Dan mulai membaca novel percintaan.
Detak jantung saya lebih cepat berpacu mengikuti petualangan tante-tante girang, novel trilogi -- Rendezvous, Mathilda, Juke Tamomoan; urutannya saya lupa -- karangan Motinggo Busye. Tak lupa Ashadi Siregar, Marga T, Mira W, dan Eddy D Iskandar. Tentu, Arswendo Atmowiloto.
Pun, saya membaca majalah remaja semacam Hai, Gadis, dan Anita Cemerlang.
Tapi saya belum terpikirkan untuk mengarang. Sampai suatu ketika terbit serial Lupus, karangan Hilman Hariwijaya. Serial itu amat disukai para remaja. Saya termasuk di dalamnya.

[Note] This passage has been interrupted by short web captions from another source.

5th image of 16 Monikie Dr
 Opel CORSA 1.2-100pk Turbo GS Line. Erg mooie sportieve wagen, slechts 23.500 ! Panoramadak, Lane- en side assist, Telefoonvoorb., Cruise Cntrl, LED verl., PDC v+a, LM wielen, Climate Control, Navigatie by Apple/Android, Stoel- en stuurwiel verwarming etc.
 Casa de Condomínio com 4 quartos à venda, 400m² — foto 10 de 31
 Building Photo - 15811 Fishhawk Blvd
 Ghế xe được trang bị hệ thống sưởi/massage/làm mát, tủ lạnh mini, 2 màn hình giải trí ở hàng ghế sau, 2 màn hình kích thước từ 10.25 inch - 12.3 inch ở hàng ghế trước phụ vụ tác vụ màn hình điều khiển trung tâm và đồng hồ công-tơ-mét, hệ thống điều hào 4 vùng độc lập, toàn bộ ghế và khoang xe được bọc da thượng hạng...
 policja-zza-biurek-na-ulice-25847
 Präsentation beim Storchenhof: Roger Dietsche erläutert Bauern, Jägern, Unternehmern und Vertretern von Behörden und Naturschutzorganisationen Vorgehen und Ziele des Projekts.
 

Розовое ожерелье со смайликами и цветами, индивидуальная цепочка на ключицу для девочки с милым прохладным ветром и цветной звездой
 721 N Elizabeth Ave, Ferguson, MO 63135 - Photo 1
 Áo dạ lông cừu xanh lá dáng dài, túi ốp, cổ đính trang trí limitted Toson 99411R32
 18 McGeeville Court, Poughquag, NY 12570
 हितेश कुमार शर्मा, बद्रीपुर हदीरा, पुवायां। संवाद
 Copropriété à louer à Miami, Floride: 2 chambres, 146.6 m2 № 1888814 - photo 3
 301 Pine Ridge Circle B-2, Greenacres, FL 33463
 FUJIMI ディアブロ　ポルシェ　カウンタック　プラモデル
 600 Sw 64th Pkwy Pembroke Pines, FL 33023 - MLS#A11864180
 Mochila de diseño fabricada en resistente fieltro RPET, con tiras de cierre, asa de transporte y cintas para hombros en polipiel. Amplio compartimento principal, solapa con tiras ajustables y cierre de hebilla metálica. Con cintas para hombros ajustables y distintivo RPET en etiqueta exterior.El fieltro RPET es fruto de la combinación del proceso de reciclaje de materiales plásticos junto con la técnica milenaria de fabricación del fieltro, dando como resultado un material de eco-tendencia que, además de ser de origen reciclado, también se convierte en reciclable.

Setelah membaca, "Ah, kalau cuma gini gua bisa juga bisa mengarang." Saya ngesok.
Saya pun meminjam mesin tik tetangga. Mencoba mengarang cerpen, dan saya kirimkan ke Harian Pos Kota. Dan dimuat!
Saya takjub dengan diri saya sendiri. Bolak-balik melihat, seperti tak yakin, dan memang ada nama saya tertulis sebagai pengarangnya. Kemudian saya mencoba-coba mengirim cerpen ke Majalah Anita Cemerlang. Waktu itu Anita Cemerlang sedang mengadakan lomba mengarang cerpen. Saya memang tidak memenangkan lomba, tapi cerpen saya layak muat.
Saya makin semangat. Cerpen saya sering dimuat di Majalah Anita Cemerlang. Pernah juga menjadi salah satu pemenang saat Anita Cemerlang mengadakan lomba mengarang novellet.
Seiring berjalannya waktu semangat saya dalam mengarang mulai kendor. Terlebih setelah berkeluarga, dan pindah ke Cilegon. Pahitnya dalam pencarian hidup, saya melupakan tentang manisnya jadi pengarang. Apalagi setelah mempunyai anak, hingga mereka remaja. Hingga suatu ketika bertemulah saya dengan Kompasiana.
Kompasiana memantik ingatan saya, bahwa pernah pada suatu masa saya bisa menulis. Dengan dibantu anak saya untuk pembuatan password dan segala macamnya, saya pun mulai menulis. Entah kenapa saya lebih banyak menulis puisi dibanding cerpen.